Mother of Musa al-Kazim, the seventh Imam.

Hamida (حَميدَة), also referred to in historical sources as Hamida al-Musaffa (حَميدَة المُصَفّا), Hamida al-Barbariyya (حَميدَة البَربَريَّة), and Hamida al-Andalusiyya (حَميدَة الاندُلُسيَّة), was the wife of Jaʿfar ibn Muhammad al-Sadiq, the sixth Imam in Twelver Shiʿism, and the mother of Musa ibn Jaʿfar al-Kazim, the seventh Imam.

== Biography ==
Originally a slave-girl, she was given as a gift by Muhammad al-Baqir (the fifth Imam) to his son, Jaʿfar al-Sadiq. Her ethnic background remains a matter of dispute among early biographers: some accounts identify her as Berber, others as Andalusian, while a number of sources describe her as being of Roman or Persian descent.

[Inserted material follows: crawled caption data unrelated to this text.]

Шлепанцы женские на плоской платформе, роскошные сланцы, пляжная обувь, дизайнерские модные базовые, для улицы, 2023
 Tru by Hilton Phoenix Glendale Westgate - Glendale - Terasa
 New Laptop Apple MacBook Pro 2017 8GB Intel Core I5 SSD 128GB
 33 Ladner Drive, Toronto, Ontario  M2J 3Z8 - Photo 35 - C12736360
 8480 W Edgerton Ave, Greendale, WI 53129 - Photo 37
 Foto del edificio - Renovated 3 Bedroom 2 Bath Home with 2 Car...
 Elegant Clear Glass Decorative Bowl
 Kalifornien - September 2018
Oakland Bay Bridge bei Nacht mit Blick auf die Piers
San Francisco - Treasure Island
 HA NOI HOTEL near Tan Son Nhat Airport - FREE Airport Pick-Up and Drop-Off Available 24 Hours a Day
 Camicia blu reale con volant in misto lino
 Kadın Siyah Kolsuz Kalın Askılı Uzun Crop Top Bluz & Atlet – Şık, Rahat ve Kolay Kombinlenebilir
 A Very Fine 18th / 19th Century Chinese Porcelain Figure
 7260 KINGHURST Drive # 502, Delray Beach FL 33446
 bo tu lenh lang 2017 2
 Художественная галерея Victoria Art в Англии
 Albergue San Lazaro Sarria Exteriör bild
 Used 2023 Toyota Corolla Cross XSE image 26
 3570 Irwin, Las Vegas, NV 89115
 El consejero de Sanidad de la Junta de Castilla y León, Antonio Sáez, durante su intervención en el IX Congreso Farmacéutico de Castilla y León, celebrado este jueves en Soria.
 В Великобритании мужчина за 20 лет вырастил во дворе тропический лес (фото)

Hamida is consistently portrayed in Imami historical literature as a woman of notable virtue and religious learning. She is described as a faqih – that is, a scholar qualified in Islamic jurisprudence – and it is reported that Jaʿfar al-Sadiq would direct women to her for instruction in religious obligations, and that she would issue authoritative answers to their legal queries. In one well-known saying attributed to the Imam, he is said to have remarked: "Hamida is pure from all impurity; she is like a gold bullion. The angels have continuously watched over her, until from her was born our child – the next Imam and God's gift to us." The honorific al-Musaffa (the Purified) was reportedly bestowed upon her by the Imam himself, and she was also known by other titles, including Luʾluʾa, Muhaddaba, and Sayyidat al-Imaʾ.

Hamida also appears in later traditions as instrumental in arranging the marriage of her son, Musa al-Kazim, to Najma (also recorded as Tuktam), who would later give birth to Ali al-Rida, the eighth Imam. She died in Medina, where her grave is still located and visited by pilgrims.